Software Developer - Functional Programming Internships

We are looking for master student interns, with a passion for functional programming, ideally in OCaml, and for beautiful code.

Learn about how LexiFi uses OCaml: http://www.lexifi.com/product/technology/ocaml

No prior knowledge of finance is required. If you are interested, please send your resume to careers@lexifi.com.

About LexiFi: LexiFi is a financial software vendor based in Paris (Boulogne Billancourt). OCaml is our main development language, and we are strongly involved in the evolution of OCaml. We have created approaches and tools, rooted in the theory of programming languages, to radically simplify the development of financial applications. Our products are used by financial institutions and other software or service providers that embed our technology (and sometimes become OCaml enthusiasts as well). For more information, visit http://www.lexifi.com.
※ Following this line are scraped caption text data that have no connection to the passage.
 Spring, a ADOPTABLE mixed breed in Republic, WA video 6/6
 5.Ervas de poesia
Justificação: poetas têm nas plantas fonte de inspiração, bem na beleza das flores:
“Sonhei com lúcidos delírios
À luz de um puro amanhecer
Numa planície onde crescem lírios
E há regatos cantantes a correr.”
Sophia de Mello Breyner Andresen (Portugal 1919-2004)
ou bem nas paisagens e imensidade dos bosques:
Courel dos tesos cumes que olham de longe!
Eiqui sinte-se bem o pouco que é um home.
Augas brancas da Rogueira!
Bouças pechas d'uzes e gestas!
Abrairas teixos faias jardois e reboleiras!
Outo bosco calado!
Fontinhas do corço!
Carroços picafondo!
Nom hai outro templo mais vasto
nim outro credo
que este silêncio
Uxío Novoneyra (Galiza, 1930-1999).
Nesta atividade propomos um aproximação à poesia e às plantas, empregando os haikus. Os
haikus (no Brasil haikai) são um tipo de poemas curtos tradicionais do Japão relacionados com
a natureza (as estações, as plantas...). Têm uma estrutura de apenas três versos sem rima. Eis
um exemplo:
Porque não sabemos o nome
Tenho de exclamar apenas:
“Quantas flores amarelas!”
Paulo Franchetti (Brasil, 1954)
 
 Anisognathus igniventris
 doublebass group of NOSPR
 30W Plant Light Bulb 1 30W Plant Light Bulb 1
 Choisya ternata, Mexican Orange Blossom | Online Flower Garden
Proposals for internship topics

These proposals are a starting point and the exact goals will be discussed with the candidate. Note that all topics may lead to an open-source release of the code.

A tool to migrate generic float arrays

The OCaml runtime system handles the case of float arrays specially in order to support a more efficient representation which is crucial for numerical code. This has the unfortunate consequence that the rest of the code dealing with arrays of any type is slowed down. This is why the latest version of OCaml, 4.06, comes with a configure-time flag to disable this special treatment.
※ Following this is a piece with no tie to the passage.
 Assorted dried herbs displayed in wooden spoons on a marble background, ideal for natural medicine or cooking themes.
The purpose of this internship is to develop a tool to facilitate the migration from the old representation of float arrays to a dedicated representation that does not use generic arrays. The tool will use typing information produced by the compiler to spot occurrences of float arrays and specialize the code as needed.

References

  1. https://github.com/ocaml/ocaml/pull/1294
  2. https://www.lexifi.com/blog/about-unboxed-float-arrays

Experimenting with BuckleScript as a possible alternative to js_of_ocaml

Some of our user interfaces are created using web technologies. Written in OCaml, they are translated into Javascript using the js_of_ocaml compiler. In order to interact with the Javascript API, we developed a tool gen_js_api to generate automatically the binding code that takes care of translating values between OCaml and Javascript and dealing with Javascript calling conventions.
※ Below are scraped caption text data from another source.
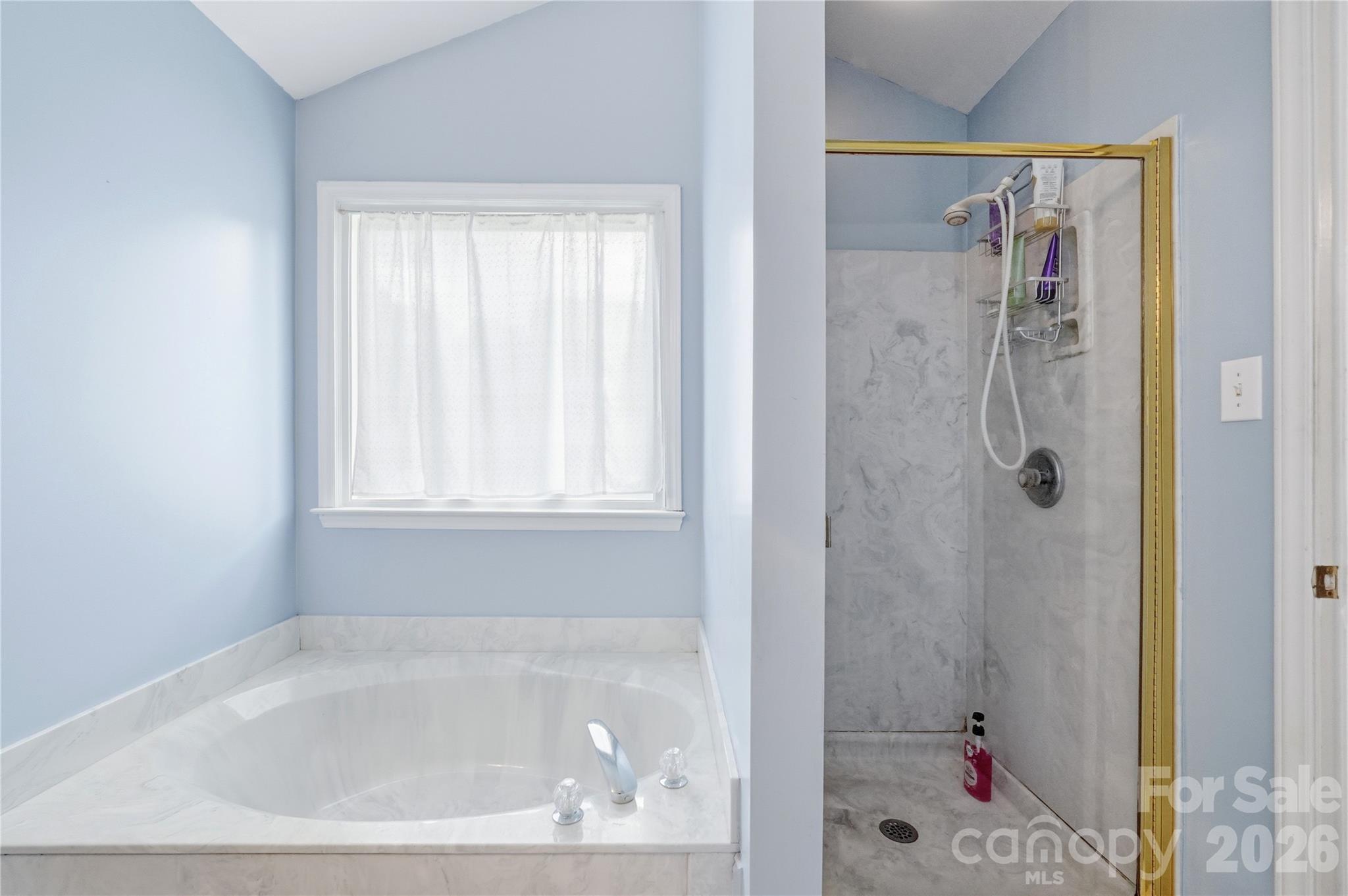 1009 Millwright Lane — Matthews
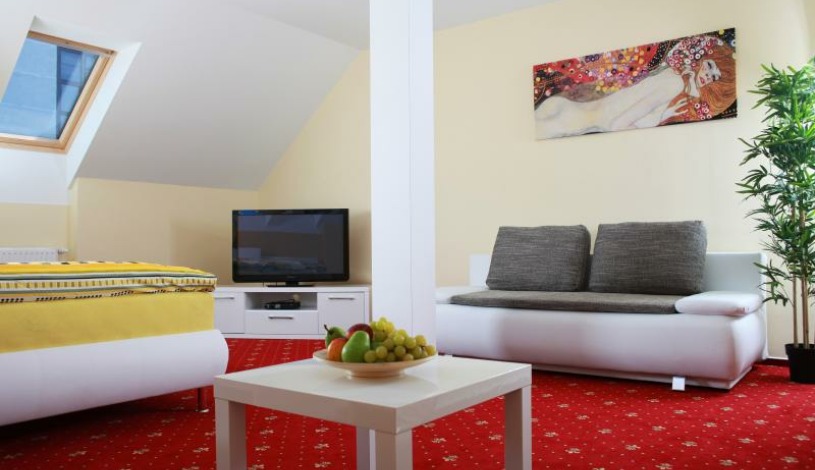 Vila Jiřinka Luhačovice - Manager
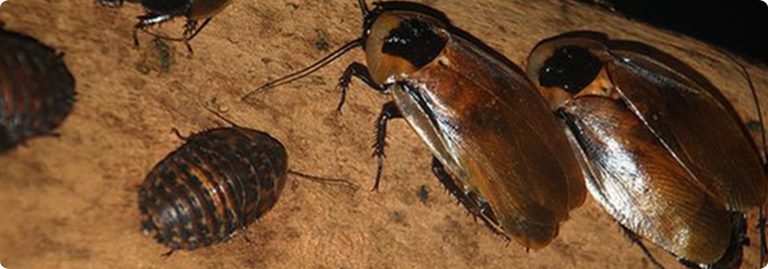 Discoid Cockroach or False Dea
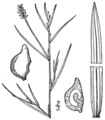 1.24 Category:Potamogeton rutilus Fig. 197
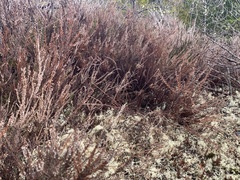 Calluna vulgaris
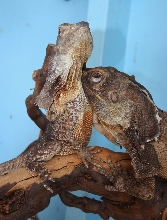 Aussy Frill pair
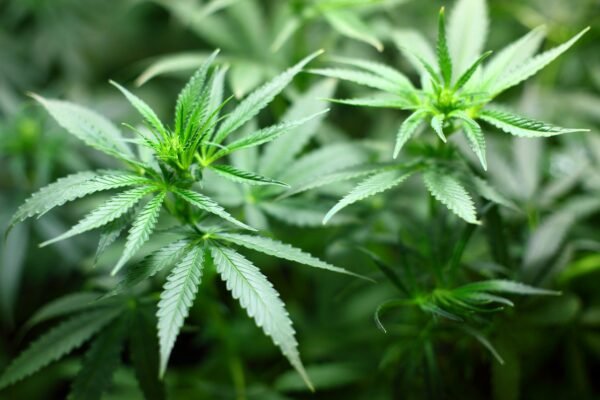How Marijuana Has Revolutionized The Medical Industry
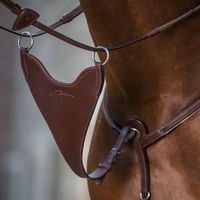 Dyon Kort martingal Bib hard N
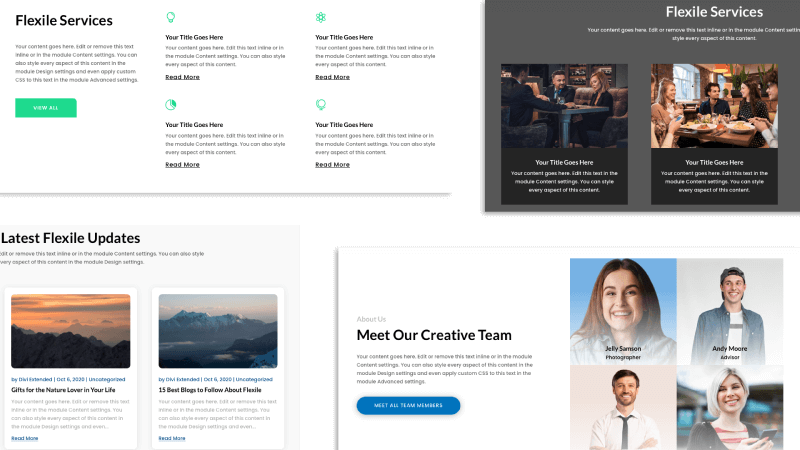 Flexile child themes different sections for Divi web design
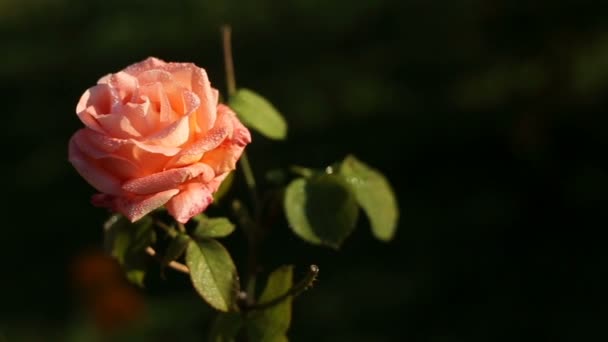 Tidiga dagg täcker orange ros — Stockvideo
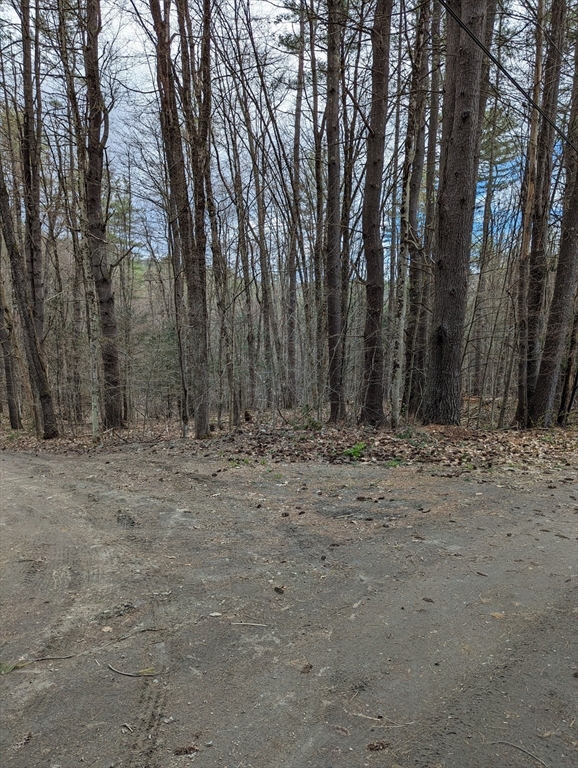 a view of large yard with trees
Recently, a promising alternative to js_of_ocaml called BuckleScript has emerged (already being used in production by the Messenger team at Facebook). The first goal of this internship would be to extend gen_js_api to support BuckleScript. This would allow all projects using gen_js_api to freely switch from one back-end to the other. Then, at a later stage, the intern will have to see how much of our code base needs to be adapted to be compatible with missing features of BuckleScript (eg. generic marshaling).

References

  1. https://bucklescript.github.io
  2. https://github.com/LexiFi/gen_js_api
  3. http://ocsigen.org/js_of_ocaml

Reimplementing LexiFi Runtime Types as a syntactic preprocessor

It is often useful to get access to types at runtime in order to implement generic type-driven operations. A typical example is a generic pretty-printer. Unfortunately, the OCaml compiler does not keep type information at runtime. At LexiFi, we have extended OCaml to support runtime types. This extension has been in use for years and is now a key element in many of our interesting components, such as our automatic GUI framework (which derives GUIs from type definitions) or our high-level database layer (which derives SQL schema from type definitions, and exposes a well-typed interface for queries). This extension is tightly integrated with the OCaml typechecker, which allows the compiler to synthesize the runtime type representations with minimal input from the programmer.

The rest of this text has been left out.